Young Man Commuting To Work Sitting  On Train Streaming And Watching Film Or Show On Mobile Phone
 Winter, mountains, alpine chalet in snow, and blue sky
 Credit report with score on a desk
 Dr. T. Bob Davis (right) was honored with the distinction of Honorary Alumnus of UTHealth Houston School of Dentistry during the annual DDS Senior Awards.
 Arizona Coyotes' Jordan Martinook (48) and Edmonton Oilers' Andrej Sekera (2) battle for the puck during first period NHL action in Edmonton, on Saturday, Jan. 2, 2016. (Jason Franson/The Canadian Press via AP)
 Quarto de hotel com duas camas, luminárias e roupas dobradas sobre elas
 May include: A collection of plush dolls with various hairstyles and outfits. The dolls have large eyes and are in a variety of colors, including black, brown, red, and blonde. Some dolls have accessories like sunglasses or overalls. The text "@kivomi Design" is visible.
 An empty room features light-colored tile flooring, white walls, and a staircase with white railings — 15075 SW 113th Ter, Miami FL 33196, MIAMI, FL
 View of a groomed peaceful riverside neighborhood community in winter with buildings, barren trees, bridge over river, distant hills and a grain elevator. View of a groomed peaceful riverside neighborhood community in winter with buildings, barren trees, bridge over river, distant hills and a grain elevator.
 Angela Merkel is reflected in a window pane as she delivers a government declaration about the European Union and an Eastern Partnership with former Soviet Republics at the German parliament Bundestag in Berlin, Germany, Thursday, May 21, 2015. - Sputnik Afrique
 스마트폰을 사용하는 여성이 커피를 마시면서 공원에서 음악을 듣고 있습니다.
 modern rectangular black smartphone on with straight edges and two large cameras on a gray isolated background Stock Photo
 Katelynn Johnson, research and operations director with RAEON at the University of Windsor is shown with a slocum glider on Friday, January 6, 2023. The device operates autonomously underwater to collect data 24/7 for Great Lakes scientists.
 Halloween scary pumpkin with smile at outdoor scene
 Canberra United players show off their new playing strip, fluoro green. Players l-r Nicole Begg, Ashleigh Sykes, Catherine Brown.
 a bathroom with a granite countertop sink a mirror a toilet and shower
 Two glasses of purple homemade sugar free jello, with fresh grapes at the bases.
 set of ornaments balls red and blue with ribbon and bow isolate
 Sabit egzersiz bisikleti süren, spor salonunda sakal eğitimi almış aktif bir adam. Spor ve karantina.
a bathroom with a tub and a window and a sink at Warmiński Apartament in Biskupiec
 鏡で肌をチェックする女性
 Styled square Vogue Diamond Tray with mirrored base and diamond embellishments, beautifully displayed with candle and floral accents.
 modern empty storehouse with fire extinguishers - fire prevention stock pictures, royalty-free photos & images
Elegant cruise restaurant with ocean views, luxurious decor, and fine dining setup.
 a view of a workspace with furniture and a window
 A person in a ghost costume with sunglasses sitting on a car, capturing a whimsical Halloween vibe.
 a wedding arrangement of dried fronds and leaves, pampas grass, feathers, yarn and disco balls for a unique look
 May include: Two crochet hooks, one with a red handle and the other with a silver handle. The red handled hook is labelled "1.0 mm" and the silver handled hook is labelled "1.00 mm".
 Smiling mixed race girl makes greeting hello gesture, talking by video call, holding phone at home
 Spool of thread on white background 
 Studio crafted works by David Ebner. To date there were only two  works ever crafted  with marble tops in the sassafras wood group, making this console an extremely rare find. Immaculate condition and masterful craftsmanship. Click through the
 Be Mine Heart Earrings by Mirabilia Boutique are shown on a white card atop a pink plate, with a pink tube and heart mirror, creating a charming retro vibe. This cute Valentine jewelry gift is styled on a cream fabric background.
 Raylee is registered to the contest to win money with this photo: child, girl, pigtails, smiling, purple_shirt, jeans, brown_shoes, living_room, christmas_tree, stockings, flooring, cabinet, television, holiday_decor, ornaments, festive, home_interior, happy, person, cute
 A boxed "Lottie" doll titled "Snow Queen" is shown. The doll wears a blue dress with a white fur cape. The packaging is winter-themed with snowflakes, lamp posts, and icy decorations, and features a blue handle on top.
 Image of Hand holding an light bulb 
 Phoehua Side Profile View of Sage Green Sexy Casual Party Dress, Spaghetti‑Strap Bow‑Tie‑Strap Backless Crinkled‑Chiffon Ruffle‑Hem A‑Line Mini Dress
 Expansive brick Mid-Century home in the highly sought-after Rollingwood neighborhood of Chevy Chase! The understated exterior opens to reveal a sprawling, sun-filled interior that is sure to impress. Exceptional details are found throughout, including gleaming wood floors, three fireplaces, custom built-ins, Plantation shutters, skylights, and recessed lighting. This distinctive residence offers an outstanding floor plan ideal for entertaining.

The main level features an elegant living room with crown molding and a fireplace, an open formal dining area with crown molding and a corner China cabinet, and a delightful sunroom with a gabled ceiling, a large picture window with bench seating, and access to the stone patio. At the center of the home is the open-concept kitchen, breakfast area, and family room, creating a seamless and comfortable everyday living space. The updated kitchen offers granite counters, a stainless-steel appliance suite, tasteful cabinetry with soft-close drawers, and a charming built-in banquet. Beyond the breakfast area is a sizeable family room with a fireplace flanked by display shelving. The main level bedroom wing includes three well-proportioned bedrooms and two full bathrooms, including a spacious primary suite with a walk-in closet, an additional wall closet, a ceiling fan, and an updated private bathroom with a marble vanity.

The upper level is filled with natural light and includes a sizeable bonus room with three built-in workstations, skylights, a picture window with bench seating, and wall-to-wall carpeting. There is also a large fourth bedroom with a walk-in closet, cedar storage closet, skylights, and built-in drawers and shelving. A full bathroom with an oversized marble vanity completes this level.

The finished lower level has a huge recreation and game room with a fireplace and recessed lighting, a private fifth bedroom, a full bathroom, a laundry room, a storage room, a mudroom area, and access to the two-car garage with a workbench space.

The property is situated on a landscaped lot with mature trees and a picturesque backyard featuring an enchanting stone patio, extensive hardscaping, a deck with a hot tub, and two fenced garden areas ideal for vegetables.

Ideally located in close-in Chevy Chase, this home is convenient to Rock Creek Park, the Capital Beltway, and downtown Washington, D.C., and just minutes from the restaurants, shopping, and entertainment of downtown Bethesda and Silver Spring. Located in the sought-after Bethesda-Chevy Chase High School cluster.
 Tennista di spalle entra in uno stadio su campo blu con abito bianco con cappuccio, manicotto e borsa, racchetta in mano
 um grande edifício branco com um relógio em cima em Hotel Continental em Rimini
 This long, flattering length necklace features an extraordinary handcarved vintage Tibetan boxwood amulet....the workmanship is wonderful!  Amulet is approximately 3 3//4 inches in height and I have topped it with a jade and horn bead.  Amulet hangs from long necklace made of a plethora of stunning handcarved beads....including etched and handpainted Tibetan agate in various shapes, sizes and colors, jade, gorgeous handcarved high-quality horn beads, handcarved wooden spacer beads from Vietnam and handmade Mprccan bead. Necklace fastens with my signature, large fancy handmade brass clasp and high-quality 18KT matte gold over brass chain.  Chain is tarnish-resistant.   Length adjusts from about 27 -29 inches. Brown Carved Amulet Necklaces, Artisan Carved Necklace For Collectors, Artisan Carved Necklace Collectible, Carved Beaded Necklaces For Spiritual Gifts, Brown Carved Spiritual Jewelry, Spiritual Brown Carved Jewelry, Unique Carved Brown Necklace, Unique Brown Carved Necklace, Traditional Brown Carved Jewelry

** YOUR INSTRUCTIONS **
Output only an exact transcription of the lines above from the one with "Arizona Coyotes' Jordan" up to and including the one with "Quarto de hotel".

** WORKED SOLUTION **
 Arizona Coyotes' Jordan Martinook (48) and Edmonton Oilers' Andrej Sekera (2) battle for the puck during first period NHL action in Edmonton, on Saturday, Jan. 2, 2016. (Jason Franson/The Canadian Press via AP)
 Quarto de hotel com duas camas, luminárias e roupas dobradas sobre elas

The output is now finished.